DATA UNDER STUDY section start

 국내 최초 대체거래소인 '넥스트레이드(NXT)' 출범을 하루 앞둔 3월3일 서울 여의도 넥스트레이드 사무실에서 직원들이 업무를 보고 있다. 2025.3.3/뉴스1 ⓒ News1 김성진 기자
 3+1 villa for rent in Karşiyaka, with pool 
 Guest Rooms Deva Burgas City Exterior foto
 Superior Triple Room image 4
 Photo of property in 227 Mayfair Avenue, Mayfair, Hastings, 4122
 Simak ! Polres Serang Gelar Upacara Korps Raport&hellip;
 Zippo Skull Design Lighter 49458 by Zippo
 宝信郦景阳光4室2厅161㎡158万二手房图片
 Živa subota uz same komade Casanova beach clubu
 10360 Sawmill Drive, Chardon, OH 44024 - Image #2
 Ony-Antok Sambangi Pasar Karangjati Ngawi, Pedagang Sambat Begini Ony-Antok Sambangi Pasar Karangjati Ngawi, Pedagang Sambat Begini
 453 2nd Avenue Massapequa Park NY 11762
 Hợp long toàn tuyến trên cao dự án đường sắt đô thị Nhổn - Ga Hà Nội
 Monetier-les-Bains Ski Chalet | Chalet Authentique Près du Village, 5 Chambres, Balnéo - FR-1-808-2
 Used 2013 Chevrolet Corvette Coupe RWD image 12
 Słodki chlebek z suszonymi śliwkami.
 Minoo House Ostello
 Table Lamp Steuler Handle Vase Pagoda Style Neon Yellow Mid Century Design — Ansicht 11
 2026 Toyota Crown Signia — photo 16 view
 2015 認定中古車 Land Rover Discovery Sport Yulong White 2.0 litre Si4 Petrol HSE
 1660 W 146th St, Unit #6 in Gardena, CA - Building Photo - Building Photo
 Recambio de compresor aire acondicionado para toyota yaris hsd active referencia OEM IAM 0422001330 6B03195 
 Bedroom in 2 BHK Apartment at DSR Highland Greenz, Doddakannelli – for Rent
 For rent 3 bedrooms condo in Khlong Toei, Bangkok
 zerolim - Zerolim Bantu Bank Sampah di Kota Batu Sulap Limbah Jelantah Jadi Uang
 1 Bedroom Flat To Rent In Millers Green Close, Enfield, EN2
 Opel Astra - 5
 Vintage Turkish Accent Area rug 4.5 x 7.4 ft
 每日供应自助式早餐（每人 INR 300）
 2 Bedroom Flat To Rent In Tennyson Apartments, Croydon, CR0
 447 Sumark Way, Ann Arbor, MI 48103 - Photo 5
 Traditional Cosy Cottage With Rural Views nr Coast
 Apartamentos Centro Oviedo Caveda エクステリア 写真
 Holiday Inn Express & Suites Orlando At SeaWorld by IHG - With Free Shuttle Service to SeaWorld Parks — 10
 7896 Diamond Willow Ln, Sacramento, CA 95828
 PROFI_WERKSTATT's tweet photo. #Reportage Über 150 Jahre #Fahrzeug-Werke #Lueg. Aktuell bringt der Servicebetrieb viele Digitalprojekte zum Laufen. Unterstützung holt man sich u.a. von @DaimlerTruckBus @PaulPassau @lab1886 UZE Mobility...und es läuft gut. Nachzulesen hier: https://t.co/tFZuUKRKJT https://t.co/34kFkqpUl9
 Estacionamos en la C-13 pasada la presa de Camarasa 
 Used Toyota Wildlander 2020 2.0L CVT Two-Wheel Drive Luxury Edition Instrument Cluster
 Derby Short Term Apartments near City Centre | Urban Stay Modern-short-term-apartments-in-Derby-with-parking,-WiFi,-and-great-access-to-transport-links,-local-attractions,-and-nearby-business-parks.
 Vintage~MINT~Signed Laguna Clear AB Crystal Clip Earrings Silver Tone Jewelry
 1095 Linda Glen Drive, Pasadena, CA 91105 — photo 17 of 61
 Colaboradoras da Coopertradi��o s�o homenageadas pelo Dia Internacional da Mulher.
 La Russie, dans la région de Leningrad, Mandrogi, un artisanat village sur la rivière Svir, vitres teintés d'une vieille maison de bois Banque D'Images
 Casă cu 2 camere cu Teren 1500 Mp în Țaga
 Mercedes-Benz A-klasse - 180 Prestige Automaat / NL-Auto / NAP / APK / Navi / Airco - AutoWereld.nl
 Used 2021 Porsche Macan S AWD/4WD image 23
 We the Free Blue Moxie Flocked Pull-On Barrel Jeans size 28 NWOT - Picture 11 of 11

DATA UNDER STUDY section end

EXERCISE PROMPT -> Look through the entries above and quote exactly the lines from the line with "Recambio de compresor" to the line with "7896 Diamond Willow Ln, Sacramento, CA 95828", counting both of those lines.

RESPONSE AREA ->
 Recambio de compresor aire acondicionado para toyota yaris hsd active referencia OEM IAM 0422001330 6B03195 
 Bedroom in 2 BHK Apartment at DSR Highland Greenz, Doddakannelli – for Rent
 For rent 3 bedrooms condo in Khlong Toei, Bangkok
 zerolim - Zerolim Bantu Bank Sampah di Kota Batu Sulap Limbah Jelantah Jadi Uang
 1 Bedroom Flat To Rent In Millers Green Close, Enfield, EN2
 Opel Astra - 5
 Vintage Turkish Accent Area rug 4.5 x 7.4 ft
 每日供应自助式早餐（每人 INR 300）
 2 Bedroom Flat To Rent In Tennyson Apartments, Croydon, CR0
 447 Sumark Way, Ann Arbor, MI 48103 - Photo 5
 Traditional Cosy Cottage With Rural Views nr Coast
 Apartamentos Centro Oviedo Caveda エクステリア 写真
 Holiday Inn Express & Suites Orlando At SeaWorld by IHG - With Free Shuttle Service to SeaWorld Parks — 10
 7896 Diamond Willow Ln, Sacramento, CA 95828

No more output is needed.